〔同心円と大魔神〕

 バードウォッチングなどという洒落たことではないのだけれど、公園で野鳥を観察するのが日課だった時期がある。貰い物の双眼鏡と、黴の生えたカメラとレンズが主な携行道具だったから、ヒコーキを飛ばしに行くよりは、ずっと気楽だった。

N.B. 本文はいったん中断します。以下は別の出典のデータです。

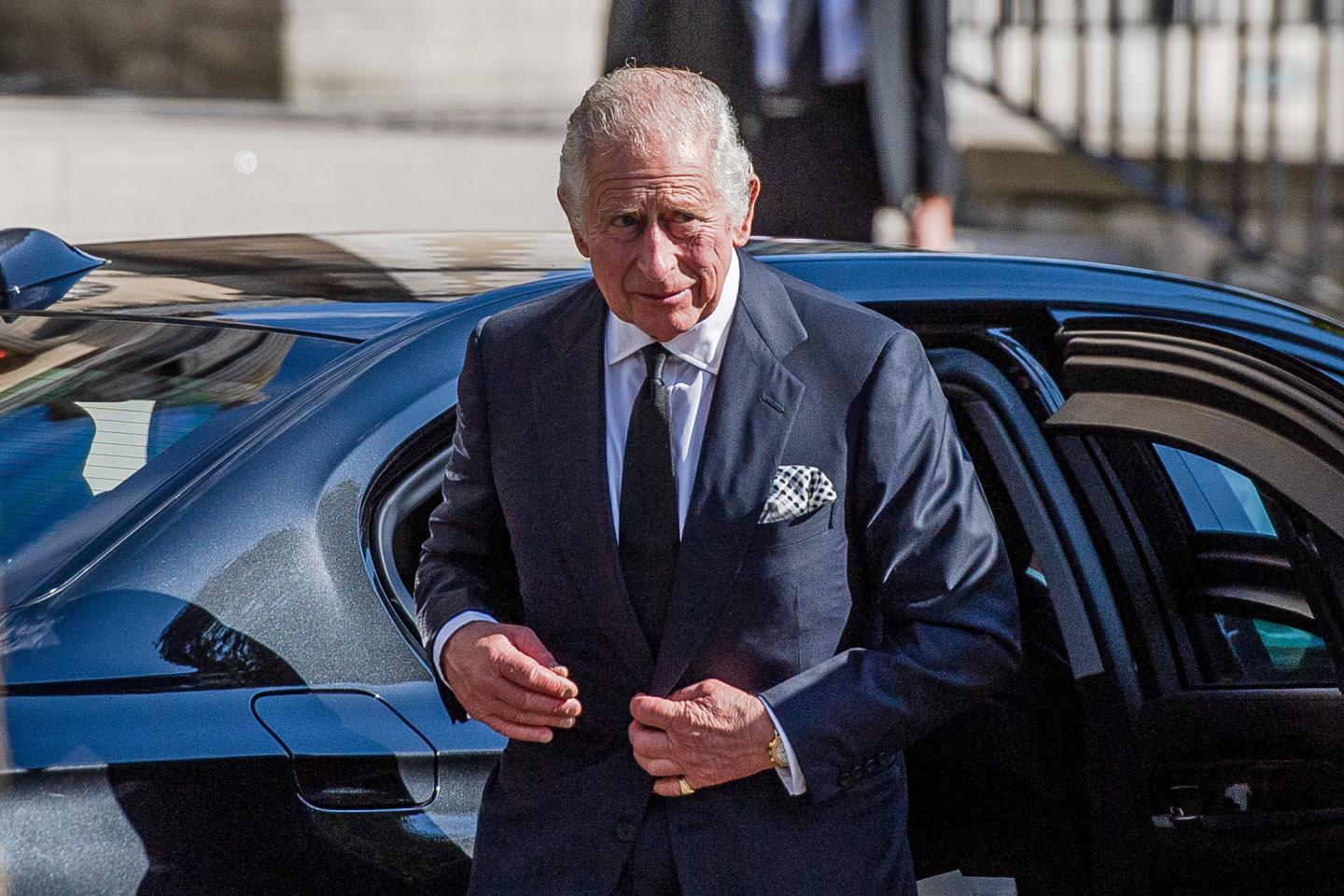 King Charles III after attending a service of reflection in memory of Queen Elizabeth II on September 13, 2022 in Belfast, Northern Ireland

 公園の鳥たちが、気持ちよく"出演"してくれるか否かは、実は子供たちの繰り出す具合による。今どき、鳥を捕まえよう!なんて元気な子供は先ずいないのだが、本能的に彼らは人を恐がる。だから、暖かくなり始めから寒さが身にしみだす時期までは、タイミングを見計らって行かないと、"出演"者は(人間の)良い子の皆さんだけ、と言うことも間々ある。
 もっとも、ガキンチョ(差別用語かな?)が嫌いなワケではない。カメラに向かってVサインを出すようになる前の年齢なら、野鳥と同じ位に楽しい観察対象と言える。
 例えばこんな事があった。例によって池を前に、ベンチに腰を下ろしていた。あいにく子供が多く、鳥たちは警戒してなかなか現れてくれない。陽気のせいか、幼児/乳児の親子連れが多い日だった。池の向こう側に、若い母親がやっと歩き始めたばかりの男の子を連れていた。母親の手をしっかり握りしめている子供は、池の淵まで来ると手を放し、30センチ程下の水面をこわごわ覗きこんだ。
 その場にしゃがみこんだ彼が、次にしたのは回りに落ちた石か何かを探すことだった。そして手の届く範囲から、手頃な石(ではなかったかもしれないが)を拾い上げ、やおら立ち上がると池に向かって投げた…ただし、左手はしっかり母親の手を握って。彼の投げた物体は、当然ながら幾らも飛ばず「ポチャン!」と落ちた。すると、彼は魅入られたように水面を見つめた。しばらくそうしていた後、母子は向き直って立ち去った。だが、数歩行くと彼はゆっくりこちらを振り向き、手を振った。池のこちら側に居たのは、私だけだ。こちらも小さく手を振ると、彼は満足げに微笑み、再び母親に手を引かれ去って行った。
 言うまでもないが、彼がそこにいた間、私は黙って座っていただけだ。サングラスをかけていたし、何の身振りもしなかった。"原則として、公園では子供にこちらからアプローチはしないが、何か尋ねられたら誠心誠意答えてやる!"のが私のモットーなのだ。
 ところが幼い男の子は、私が真黒なレイバンの後ろから見ていた事に、ちゃんと気付いていたのだ。未だに、彼がなぜ私の隠れた視線を見破ったかは、謎のままだ。その時私が考えていたのは、親に手を引かれなければ歩けない幼い子供でさえ、水面を見ると決まって石(手近の物体)を投げたがる理由だ。手を振った子供だけではない。池を前にした子供たちの、何と多くがモノを投げたがることか!男の子だけではなく、女の子だって、やっぱり投げる。何故か?
 理由のひとつは、物体が着水した時に生じる同心円、つまり"波紋"にあるのではないだろうか。勿論それだけでは無いだろうが、自らの行為の結果としての同心円が、彼等を惹きつけるのではないか?…もしかしたら、彼にとって初めての同心円かもしれないし(お風呂では、池のようにはっきり見えない)、ゆっくりと広がって行く様子は、炎と同じで人の「目と心」を同時に惹きつける不思議な魅力をもっている。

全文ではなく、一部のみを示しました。